Search the listing below for the line containing "beard patches". From there through the line containing "Yemeni wounded", transcribe every line exactly, both ends included.
** Opening RECORDS TO USE block **
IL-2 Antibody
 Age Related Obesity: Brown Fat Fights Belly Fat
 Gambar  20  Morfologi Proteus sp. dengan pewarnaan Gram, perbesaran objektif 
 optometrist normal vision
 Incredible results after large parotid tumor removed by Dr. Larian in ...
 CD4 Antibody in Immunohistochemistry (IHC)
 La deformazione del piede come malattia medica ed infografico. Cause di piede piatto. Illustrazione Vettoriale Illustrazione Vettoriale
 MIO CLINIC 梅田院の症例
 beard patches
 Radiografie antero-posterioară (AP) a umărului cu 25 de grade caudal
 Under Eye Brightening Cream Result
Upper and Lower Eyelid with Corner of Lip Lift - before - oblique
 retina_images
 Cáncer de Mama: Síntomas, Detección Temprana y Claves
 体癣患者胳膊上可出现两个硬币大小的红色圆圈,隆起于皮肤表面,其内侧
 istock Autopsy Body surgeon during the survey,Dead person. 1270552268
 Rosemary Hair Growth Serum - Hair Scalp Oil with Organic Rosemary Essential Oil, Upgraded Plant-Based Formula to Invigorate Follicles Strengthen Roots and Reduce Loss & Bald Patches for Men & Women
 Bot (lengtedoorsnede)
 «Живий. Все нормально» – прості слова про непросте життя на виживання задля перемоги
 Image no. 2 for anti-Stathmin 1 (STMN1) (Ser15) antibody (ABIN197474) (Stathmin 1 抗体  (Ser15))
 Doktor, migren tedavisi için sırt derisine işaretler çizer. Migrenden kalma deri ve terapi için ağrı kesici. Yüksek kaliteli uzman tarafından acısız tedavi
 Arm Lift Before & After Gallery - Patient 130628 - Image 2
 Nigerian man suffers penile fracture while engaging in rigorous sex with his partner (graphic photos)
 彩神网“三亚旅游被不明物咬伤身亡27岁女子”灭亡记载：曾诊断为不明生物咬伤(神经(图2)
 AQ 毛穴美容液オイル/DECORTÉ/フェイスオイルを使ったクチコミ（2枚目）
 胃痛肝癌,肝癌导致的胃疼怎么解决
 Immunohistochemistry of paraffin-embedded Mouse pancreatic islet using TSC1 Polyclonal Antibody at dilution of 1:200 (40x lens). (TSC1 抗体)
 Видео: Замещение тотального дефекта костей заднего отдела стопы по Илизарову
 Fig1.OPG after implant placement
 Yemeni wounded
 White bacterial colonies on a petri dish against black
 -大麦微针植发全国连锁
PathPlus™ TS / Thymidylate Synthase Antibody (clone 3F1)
** Closing RECORDS TO USE block **
YOUR SOLUTION:
 beard patches
 Radiografie antero-posterioară (AP) a umărului cu 25 de grade caudal
 Under Eye Brightening Cream Result
Upper and Lower Eyelid with Corner of Lip Lift - before - oblique
 retina_images
 Cáncer de Mama: Síntomas, Detección Temprana y Claves
 体癣患者胳膊上可出现两个硬币大小的红色圆圈,隆起于皮肤表面,其内侧
 istock Autopsy Body surgeon during the survey,Dead person. 1270552268
 Rosemary Hair Growth Serum - Hair Scalp Oil with Organic Rosemary Essential Oil, Upgraded Plant-Based Formula to Invigorate Follicles Strengthen Roots and Reduce Loss & Bald Patches for Men & Women
 Bot (lengtedoorsnede)
 «Живий. Все нормально» – прості слова про непросте життя на виживання задля перемоги
 Image no. 2 for anti-Stathmin 1 (STMN1) (Ser15) antibody (ABIN197474) (Stathmin 1 抗体  (Ser15))
 Doktor, migren tedavisi için sırt derisine işaretler çizer. Migrenden kalma deri ve terapi için ağrı kesici. Yüksek kaliteli uzman tarafından acısız tedavi
 Arm Lift Before & After Gallery - Patient 130628 - Image 2
 Nigerian man suffers penile fracture while engaging in rigorous sex with his partner (graphic photos)
 彩神网“三亚旅游被不明物咬伤身亡27岁女子”灭亡记载：曾诊断为不明生物咬伤(神经(图2)
 AQ 毛穴美容液オイル/DECORTÉ/フェイスオイルを使ったクチコミ（2枚目）
 胃痛肝癌,肝癌导致的胃疼怎么解决
 Immunohistochemistry of paraffin-embedded Mouse pancreatic islet using TSC1 Polyclonal Antibody at dilution of 1:200 (40x lens). (TSC1 抗体)
 Видео: Замещение тотального дефекта костей заднего отдела стопы по Илизарову
 Fig1.OPG after implant placement
 Yemeni wounded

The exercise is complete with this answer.